However, with the recent stories of Ookbee and Stock Radars, or even how Uber
becoming a real threat to Taxis, I'm sure the demand is only growing larger
and larger, even more so now that prepaid cards are really easy to get (you
can buy one at 7-11). If the payment experience is good enough that it
increase sales, people might eventually quit bothering about the fees. So to
me, the missing link right now seems to be a payment gateway.
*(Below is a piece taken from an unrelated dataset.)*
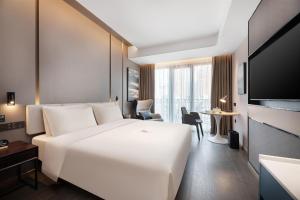 Łóżko lub łóżka w pokoju w obiekcie Atour Hotel Xishuangbanna Gaozhuang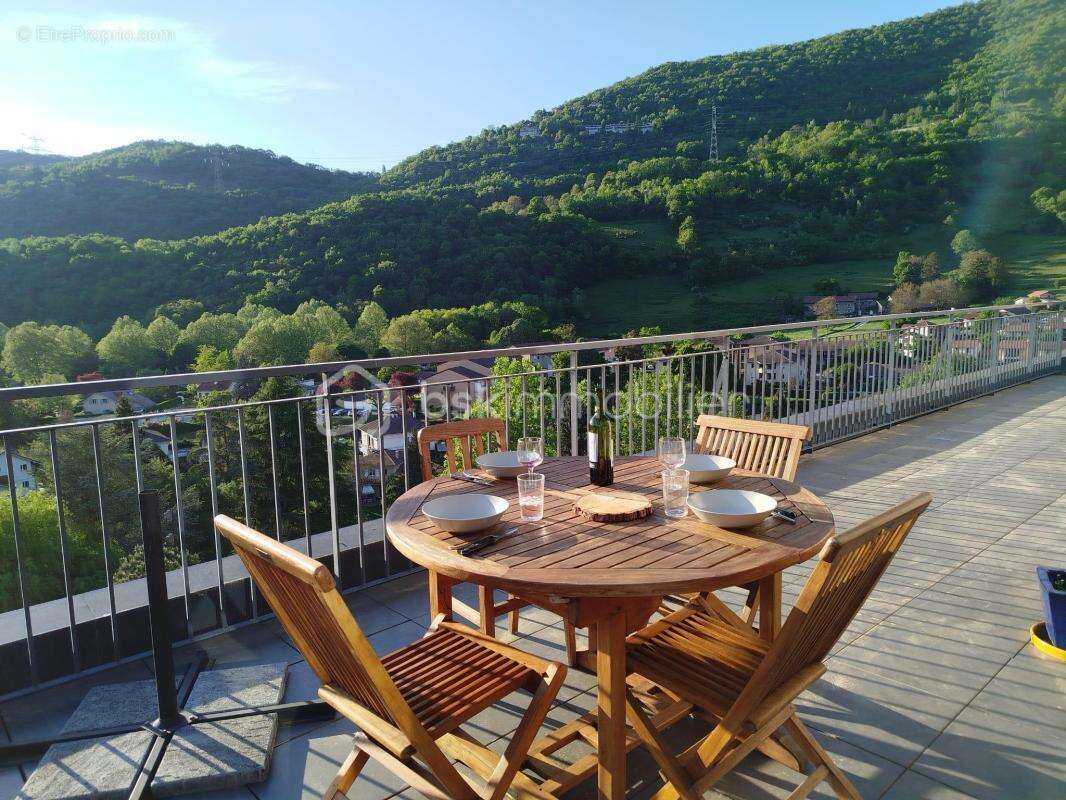 Appartement à VIZILLE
I have been working with Omise under contract for a while (I'm omise-python[1]
maintainer). I'm not sure to what extent I'm allowed to speak about the plans,
so I can't really answer your question (sorry). In my opinion, I'm really glad
that Omise is tackling the payment gateway problem. Especially how nearly all
other players in Thailand require redirection to their payment page to accept
payment (some even require successful redirect back to merchant's callback url
to finish a transaction) having someone who say "you hate that redirect? we
too!" is really reassuring.

[1]: [https://github.com/omise/omise-python](https://github.com/omise/omise-
python)

------
s_baby
To me this looks like an organic extension of how Thai people go about
engaging retail and service industries. This is a country where you step out
your door and there are street carts soliciting you with every product and
service you could want. This is taking that type of p2p business interaction
which Thai people are comfortable with and expect and moving it to the
internet.

------
code_duck
Using Instagram/Kik in a similar fashion is quite popular among glassblowers
in the US. People post their wares on IG and say 'kik me for prices'.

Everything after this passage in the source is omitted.